Malone implores us all to repent

Things have changed. We’ve moved on from the tired repetitive conformity of having a summer in July. This is the age of Aquarius after all, summer is so last century…holding us back with its scantily clad frivolity. Summer was that two weeks in May and it was nice wasn’t it. If we are good and eat all our greens we might get another two weeks of turning the radiators off in August. If we are good. Collectively.

While the majority of us have largely been good…clearly there’s some of you that have been naughty. Some of you aren’t rinsing out your jam jars when you chuck them in the recycling are you? Some of you aren’t even recycling. And some of you think recycling is when you have to go back up the way you came on your Raleigh. Some of you are not saying thanks to the bus driver (yes you’ve paid him to do his job, but it’s basic politeness).

“Please can everyone call their mums and do the recycling”

And some of you are not ringing your mums enough. This woman gave birth to you! Yes it’s annoying she wants to know what you want for Boxing Day breakfast in July, but she loves you more than anyone else will, even if she doesn’t show it well. Yes she might say things like, ‘How can anyone read your handwriting!?!’ and, ‘My god, you always have a cold. How will you disguise that red nose on your wedding day?’ She might not remember you haven’t eaten wheat or dairy in 17 years, ‘I can’t keep up with what you do and don’t eat.’ But she would be the one throwing herself on your coffin if you died, making the sandwiches and doing the washing up without whinging. Please can everyone call their mums and do the recycling.

Surely then the weather overlord will see we deserved less rain and wind in July! I’m not even asking for sun, oh mighty weather overlord!
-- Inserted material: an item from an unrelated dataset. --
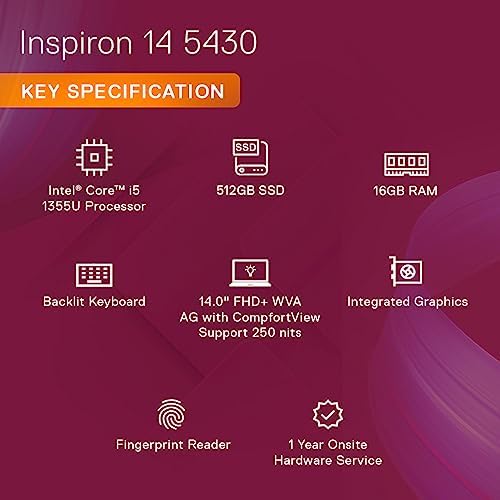 Dell Inspiron 5430 Notebook Laptop (13th Gen Intel Core i5-1335U/16GB/512 GB SSD/Intel UMA Graphics/Windows 11/MSO/FHD), (14 inch)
Is this what it was like 100 years ago? Kids telling other kids, ‘It’s your fault it rained all day because you wouldn’t give my sister a piggyback.’ My daughter would have believed little Alfie Smith. For thousands of years the weather has been a symbol of the gods’ anger at us. Used against us to make us scared and repent our sins. Now we read it’s the jet stream causing the freaky weather.

What’s causing the jet stream to change the usual weather systems though? The warming up of the earth, you say? It can’t be climate change, can it? We’ve always suffered weird weather. In the middle ages they had weather so bad no crops could grow, ‘the great famine’ lasted two years. Dear angry weather gods… Can we have sun if I start recycling by hand at home in the bath? And how about I hug the bus driver when I get off and ask my mother to move in with me? Pleeeease!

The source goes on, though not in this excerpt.